Rodney and Tracie are participating in a group build on ISM. It is an Easter theme, and of course, the subject is Egg Planes. A fun build with the Easter Bunny as a pilot, and some shag carpet as a cockpit floor.
Rodney also finished his German UBoat. Nice job!
Andy brought his friend and fellow RAF veteran Les with him. Les was looking to thin his stash and he brought some kits in for anyone who was interested. Andy surprised me with his 25 scale Formula 1 car. I didn't know he built that type, and as you can see , did an amazing job.
Tony showed us some airliners that he had finished a while back.
It was great to see Keith after a long absence. Keith is still building, and as I recall, WWII German armor was and still is his favorite. This is an in progress shot of his E25 Paper Panzer. It is a tank that was in development but never actually built by the Germans in WWII.

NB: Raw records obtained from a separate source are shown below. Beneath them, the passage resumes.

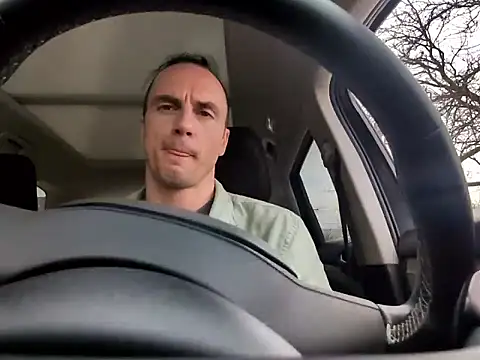 SemoLeo22 online show from April 16, 2026, 7:58 pm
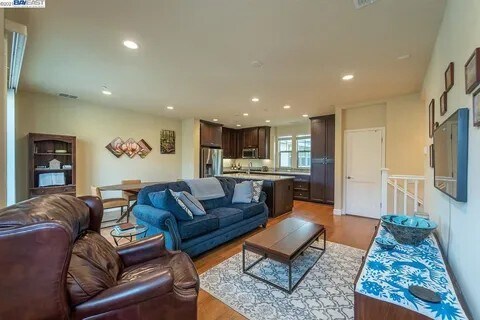 Building Photo - 833 Tranquility Cir
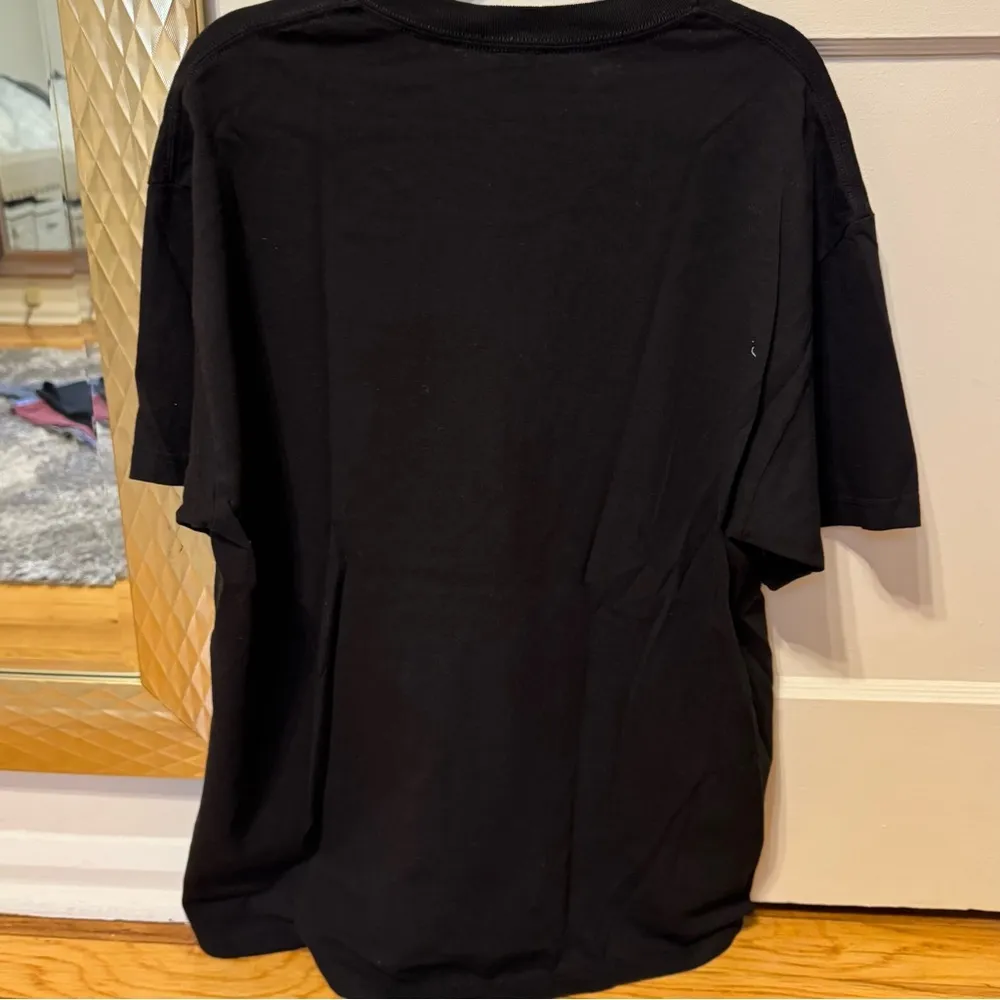 Buckle brand Shania Twain oversized vintage style tee - women’s size S/M. - Image 4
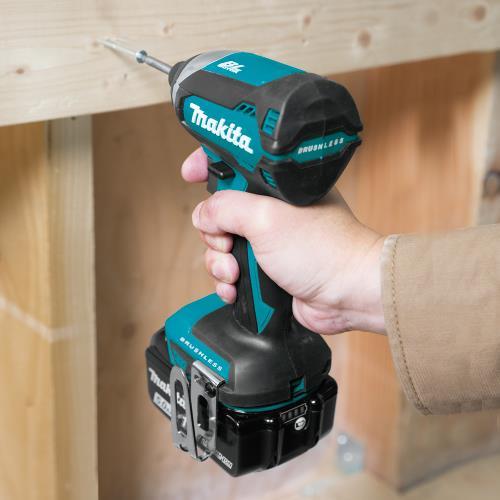 Makita XT269T 18V LXT® Lithium‘Ion Brushless Cordless 2‘Pc. Combo Kit (5.0Ah)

Steve F. has an interesting display of the Westland Whirlwind. The one on the left is a model of the actual aircraft built for production, which was developed in the mid 1930s and actually saw service with three squadrons until 1943 when they were withdrawn.
The model on the right is a what-if, from the mind of Steve F. Taking into account the radical airframe design for the mid 1930’s, and the emerging development of the jet engine, Steve surmises that if the RAF were to mate the two developments, the could have flown the first practical jet fighter maybe as early as 1940, well ahead of the Me 262 and the Gloster Meteor. Steve F.’s scratch building skills took a conventional Whirlwind and converted it to a long nose, tricycle gear aircraft with what I think are Me 262 engines, with modified square nacelles. Impressive job!
Steve also included is the Grumman F7F Tigercat twin engine fighter for comparison along with a Vindicator Torpedo Bomber from the beginning of WWII. The Tigercat was developed and delivered to Okinawa in June 1945, but never saw combat. Another twin engine fighter, this one developed for the US Navy and Marine Corps, however it was too large to operate from the Essex Class carriers, instead, designed for the new and larger Midway class. Later in life, they actually did operate from carriers and were withdrawn from service in the mid 50’s as jet fighters took over the role. In fact the F8 Crusader had its maiden flight only one year after the F7F was withdrawn.
The advancement of aircraft in such a short period of time is amazing, check out a comparison. Vindicator in 1940, to Crusader in 1955 - 15 years. Consider that the F-14 Tomcat first flew in 1970 and was retired in 2006, a span of 36 years!